Hacker News new | ask | show | jobs
by propercoil 2404 days ago
So many people like to nitpick when it comes to Tesla, It reminds me of the Apple critics in the early days of the iphone. They assume Tesla should have the highest standard and be absolutely impeccable with all their products.

Just don't buy it if you don't like it. Let the rest of us enjoy a sustainable future with insanely safe full self-driving electric cars.

4 comments

The first iphone doesn't self-propel itself to 60+ mph nor was it capable of remotely damaging critical electric infrastructure.

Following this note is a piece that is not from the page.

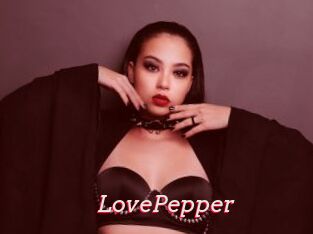 LovePepper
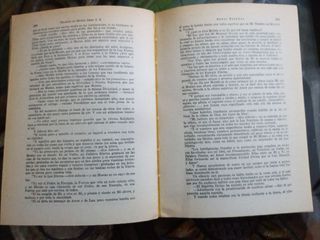 Arpas Eternas. Obra completa. 3 tomos. Esoterismo.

It was a toy.

When you're working in higher risk domains, higher safety standards are reasonably demanded.

this is an exploit that allows an attacker to disrupt the electrical grid - even if it's only to the substation, that effects all of your neighbors that didn't encourage you to blindly support Tesla's endeavour. it's highly irresponsible to have this kind of control behind such a trivial login on something that connects to your power lines, something extremely dangerous. far from a "nitpick"
It doesn’t disrupt the grid anymore than turning a heater on and off.
Can your heater push power into the grid?
An increase in embedded generation is the same as a decrease in load to the system. So turning a heater off is akin to “pushing power in to the system”, unless the embedded generation is larger than the load on a feeder, in which case the direction of power flow would be reversed, which may or may not cause problems depending on the protection settings at the substation.

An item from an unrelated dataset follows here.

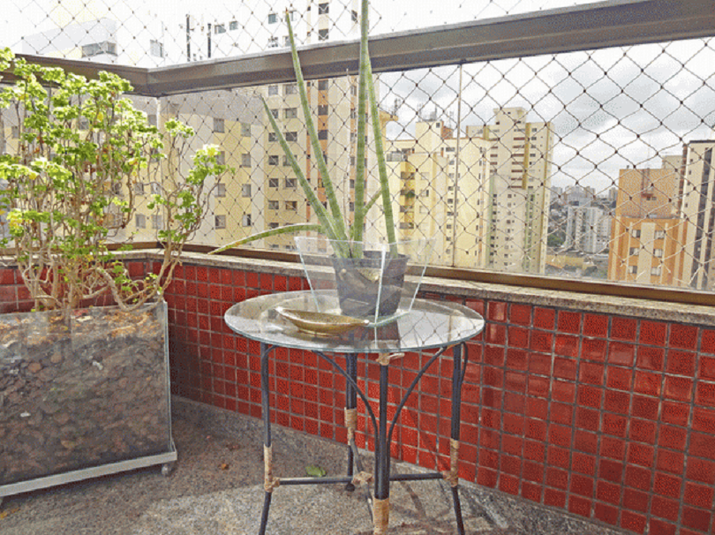 Venda Apartamento São Paulo Vila Da Saúde REO243586 4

The peak system load and generation on the Western North American grid is 167,000 MW. There is so much inertia there a 10kW power wall isn’t going to do anything.

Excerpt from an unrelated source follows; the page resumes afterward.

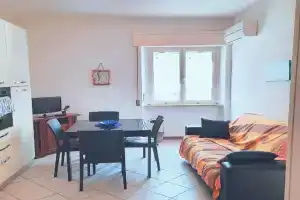 LA STELLA DEL MARE Apartments, Marina di Grosseto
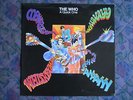 THE WHO a quick one Orig. UK '66 REACTION YARDBIRDS EXPORT BEATLES VERTIGO DOORS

> Just don't buy it if you don't like it.

You say that about a security issue that could blow California's power grid in minutes.

In fairness, so could a strong breeze, apparently. Thanks, PG&E!
Alright, I'll admit you made me laugh :D
This is absolutely true, and the blog post itself definitely has a little of that "picking on Tesla" vibe. And I think it's unfair too.

But at the same time, this is pretty genuinely bad security architecture, and it really needs to be exposed and embarrass the company that did it. Tesla does some great stuff. This thing seems a little mailed-in, though.